Once we have chunks, we hash them all with XXH3 or similar; this is O(N)
We do this same scan on both the previous & new file (unlike rsync, it's symmetric).
For target chunk len L, we make (N/L) chunks typically.
We add (N/L) hashes from the previous file to a hash table. This is O(N/L).
On the new file we go over the (N/L) chunks and look each up in the hash table. This is O(N/L).
The hash table lookup tends to be a cache miss as the hash table is unlikely to fit in cache.
We then verify the hash match is an actual byte match. This is L bytes per chunk over (N/L) chunks, so O(N).
We then try to extend matched chunks if they border unmatched chunks. This is L bytes per chunk over (N/L) chunks, so O(N).
Try to merge neighboring matching chunks. I think this is O(N*log(N)), but rarely takes any time in practice.
Essentially all the steps are O(N) and there are no steps that can have terrible degeneracies that make us much slower.
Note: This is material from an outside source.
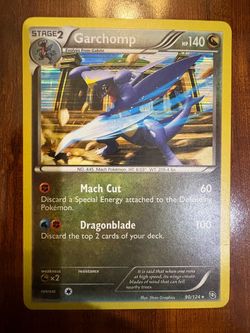 Pokemon Garchomp 90/124 Dragons Exalted Holo Rare 2012 MP/LP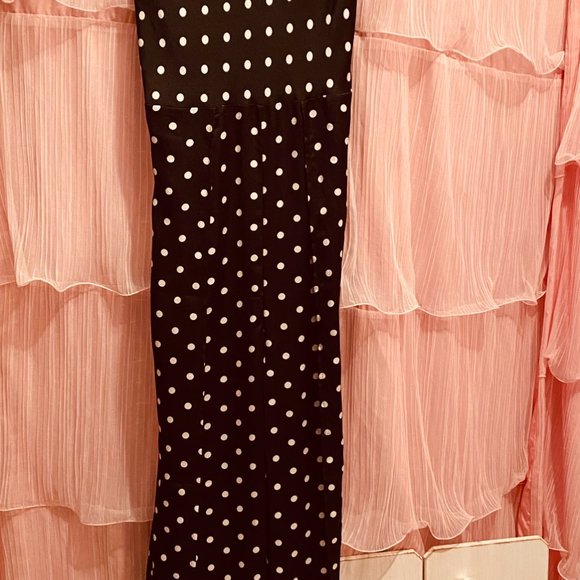 Polka dot NWT one piece jumpsuit - Picture 4 of 13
The worst spot where unfavorable data can make us slower is in the CDC hash boundary finding step. If we are consistently hitting the fragment length limit without finding a natural hash-determined cut point, and then being sent back to the location of the "min", that does cause a significant increase in run time (maybe 2X slower). As long as the data is making nice random rolling hash values, that is statistically unlikely, but on degenerate data that has patterns which put you into cycles of the rolling hash, it does occur.
The speeds in practice are :
Make "signature" for both files : 1.7 cycles/byte
find zero runs and CDC roll hash boundaries : 1.5 cycles/byte
hash chunks with XXH3 : 0.2 cycles/byte
Make patches from signatures : 0.5 cycles/byte (around 500 cycles per chunk)
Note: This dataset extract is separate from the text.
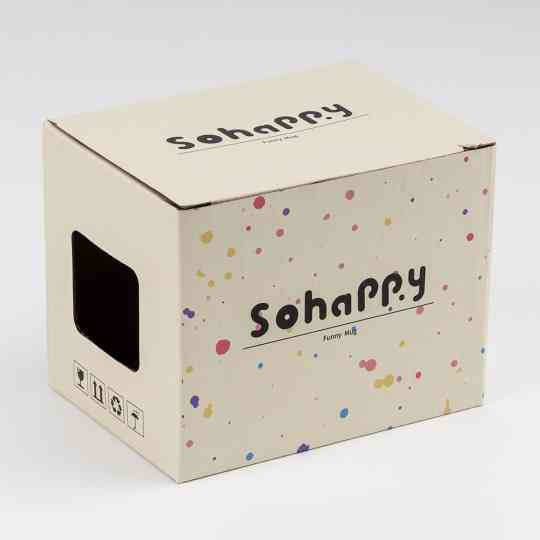 Кружка з новорічним дизайном &quot;Чарівна ялинка&quot; 320 мл, червона Вінниця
add to hash table and look up hashes : 300 cycles/chunk
verify bytes match and output patch record : 200 cycles/chunk
The signature phase is done on both the "previous" and "new" file, so 2N bytes
The "make patches" phase is done only on the "new" file, so N bytes
(not counting file IO). Obviously a major issue for speed in the real world will be file IO and parallelism, which we will address in the next part.
Aside on things that I currently do NOT do :
When you send a chunk in the patch that was not matched, you are sending the bytes in that chunk. I do not attempt to compress those bytes. As noted back in part 1 the problem I am considering is "coarse grain patching" , where the data I am working on I assume to be already compressor and/or encrypted in chunks, so that the raw bytes are not compressible. If that is not the case, then there are a variety of options for further compressing the "no match" raw bytes. (perhaps the optimal way would be to find the portion of the source file that they are most similar to, but don't exactly match, and send them as a "fine grain" delta from that region; this is large problem space to explore).
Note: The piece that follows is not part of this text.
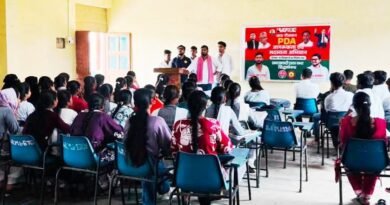 सिद्धार्थनगर में सपा छात्र सभा का जागरूकता व सदस्यता अभियान: पेपर लीक और बेरोजगारी पर चला हस्ताक्षर अभियान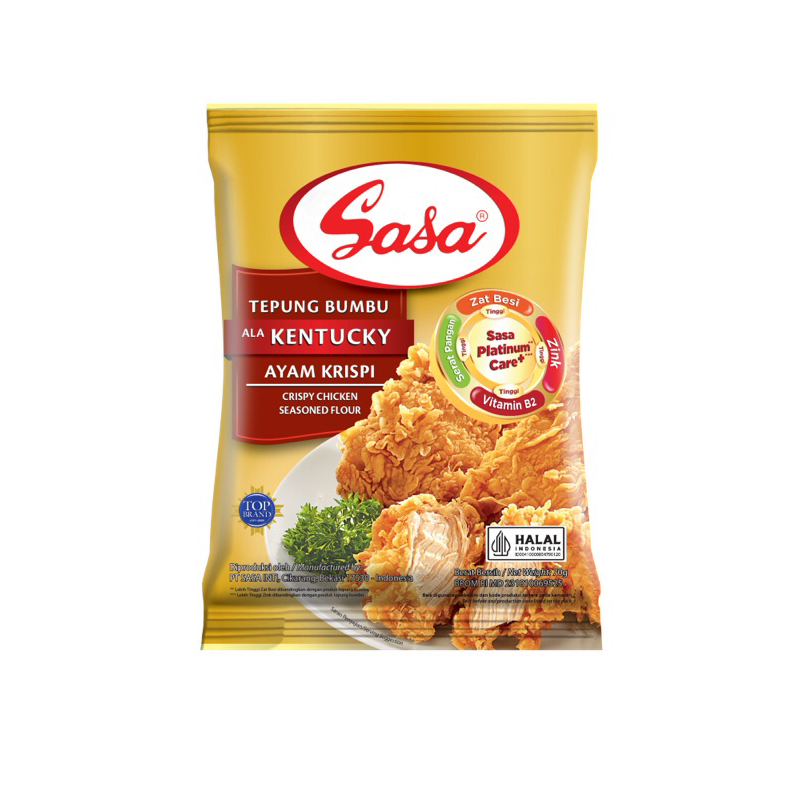 

SASA Tepung Bumbu Ayam Krispi / Tepung Bumbu Sasa Ayam Kentucky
I currently only consider patching the "new" file from the "previous" file (or multiple previous files in a file set). You could certainly also patch against preceding data in the new file, or from other files in the "new" set. Because the CDC "signature" is symmetric, you compute the same thing on the new and old files, the same kind of matching you do to find equal chunks in the previous set could be used to find matches of chunks within your own file or against other files in the new set.
I currently assume that the working set fits in memory. eg. on a typical 256 GB machine we can patch roughly 110 GB of "previous" data to 110 GB of "new" data (leaving some room for hash tables and patch output). If you need to be able to generate patches on data sets larger than memory, that can still be done efficiently, but adds complication and is not addressed here.
Why even bother fingerprinting the whole chunk if you're not going to depend on it? BTW, I think that's prudent with xxHash. If I were to trust a hash, the minimum I'd look to would be PVK's umash.
ReplyDeleteBut the point is: why not just get a good hash for a >window region and use that as a "seed" for matching and mostly rely on expansion? Kind of LZP-like?
Another random thought about 0-run checking: what if you stuck 0-run checking as part of the rolling hash threshold check? You could check both the threshold and whether you are in a 0-run at the same time, gerrymandering the rare paths.